Starbucks un anno dopo va a gonfie vele, direi: esauritesi le code chilometriche dei primi mesi, è diventato a regime un locale comunque affollato, con code in certi giorni e occasioni, e con il merito di avere ampliato l’offerta non tanto nelle varietà di caffè quanto nelle tipologie di servizio, introducendo tipologie finora presenti solo in alcuni locali per cultori della caffeina.

In un’intervista alla rivista Studio, Giampaolo Grossi, General Manager di Starbucks Italy, ha dichiarato: “La bellezza della Roastery sta nel fatto che noi riusciamo a trasmettere al cliente il senso della provenienza dell’origine del caffè. Per esempio, organizziamo dei viaggi in Costa Rica e in Ruanda così da far conoscere ai nostri dipendenti le persone che raccolgono i singoli chicchi di caffè. Qui produciamo 40 kg di caffè (per farne uno ci vogliono circa 9 grammi) che viene poi servito ai clienti, venduto nei sacchetti, e spedito in tutti i Reserve Stores di Starbucks di Emea. Ma il core business della Roastery è il fattore esperienziale: è nata perché l’azienda desiderava raggiungere un livello superiore, mostrare al mondo cosa c’è dietro alla produzione del caffè attraverso quello che potrei definire un nuovo concetto di retail.” A dargli ragione, 2 milioni di clienti in un anno, e 375 tonnellate di caffè prodotte che raggiungono tutti i Roastery d’Europa.

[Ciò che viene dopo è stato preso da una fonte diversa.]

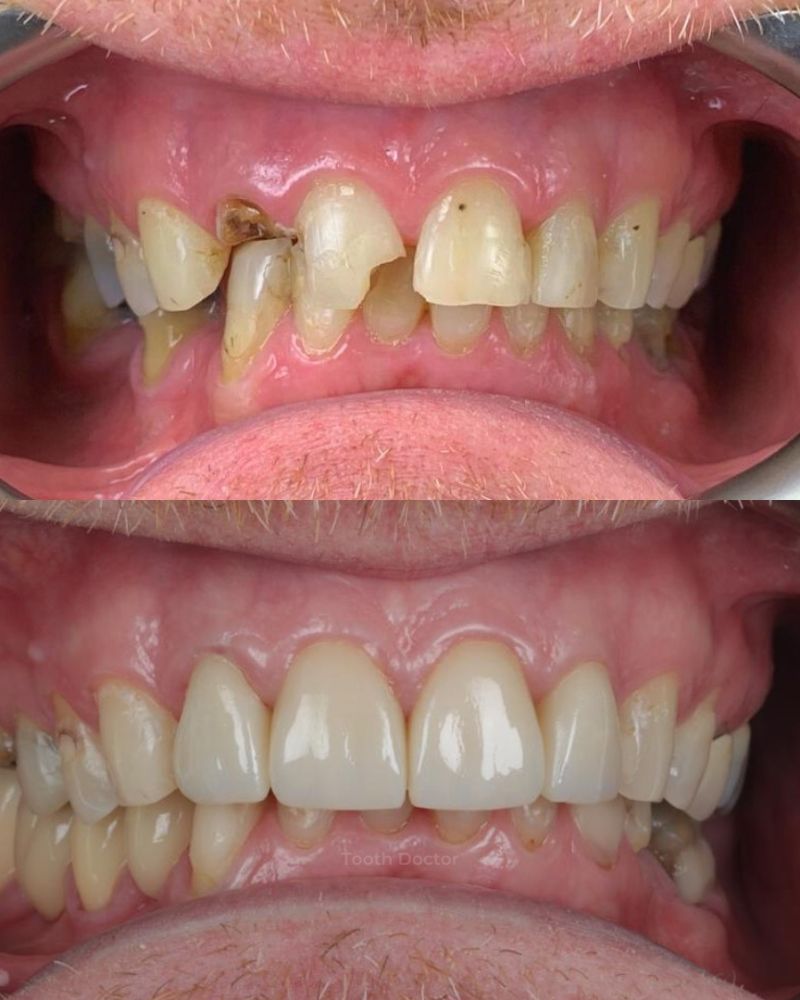 Tooth Doctor | Gerard Skeffington Tooth Doctor | Gerard Skeffington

E il caffè dopo la trasmissione di Report di Bernardo Iovene? Ricordate forse questi versi di una vecchia canzone di Domenico Modugno e Riccardo Pazzagia, ‘O ccafe’:

Ah, che bellu cafè,
sulo a Napule ‘o sanno fa’
e nisciuno se spiega pecché
è ‘na vera specialità!

C’è qualcosa che non torna, vero? Li ricordiamo, infatti, nel ritornello della canzone di Fabrizio De André, Don Rafe’. Ma a quanto pare c’è qualcos’altro che non torna: la supremazia del caffè napoletano è un mito ascientifico, come ha dichiarato appunto Report qualche mese fa, come vi abbiamo riferito qui, in una trasmissione che nell’elencare i migliori caffè d’Italia ha stilato una specie di classifica decisamente punitiva nei confronti del capoluogo partenopeo.

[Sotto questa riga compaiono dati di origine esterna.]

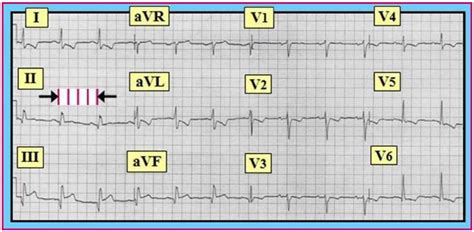 ECG Interpretation: ECG Interpretation Review - #7 (Infarction, ECG ...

Se le eccellenze venivano identificate al Nord (con i punteggi di 9,5 a Rubens Cardarelli a Forlì, di 8,5 al caffè Uganda dello Starbucks Roastery milanese, e di 7,5 complessivo, per la trasparenza delle origini, ancora per lo Starbucks Roastery di piazza Cordusio, la caffetteria napoletana veniva decisamente bocciata: insufficienti il Caffè del Professore, il bar Mexico, e il mitico Gambrinus, quest’ultimo con 3,5 in una prova in incognito e un 4,5/5 in un assaggio pubblico.

E allora via agli Specialty Coffee, ovvero caffè selezionati, in base a una serie di parametri qualitativi e di sostenibilità, proposti nei locali aderenti alla SCA, la Specialty Coffee Association (sede italiana a Rimini), che unisce baristi, coltivatori, torrefattori, assaggiatori, esperti e appassionati.

Avevamo già pubblicato la mappa che vi ri-proponiamo qui sopra, ma che probabilmente, proprio per questa nuova attenzione al caffè, è in evoluzione.

A Milano, ad esempio, il vecchio Cofficina è diventato Rationale: cambio di insegna, rimodulazione dellì’offerta (ma la micro-torrefazione è la stessa), ritorno del caffè alle sue origini di luogo “social”.

E con tutto questo ci si può aspettare una maggiore chiarezza e consapevolezza delle infinite possibilità che il caffè offre al cliente. Ovvero – non mi succederà più, una volta accettata l’offerta di un caffè cold brew, di vedermi arrivare una tazzina di vetro con un caffè freddo e un cubetto di ghiaccio.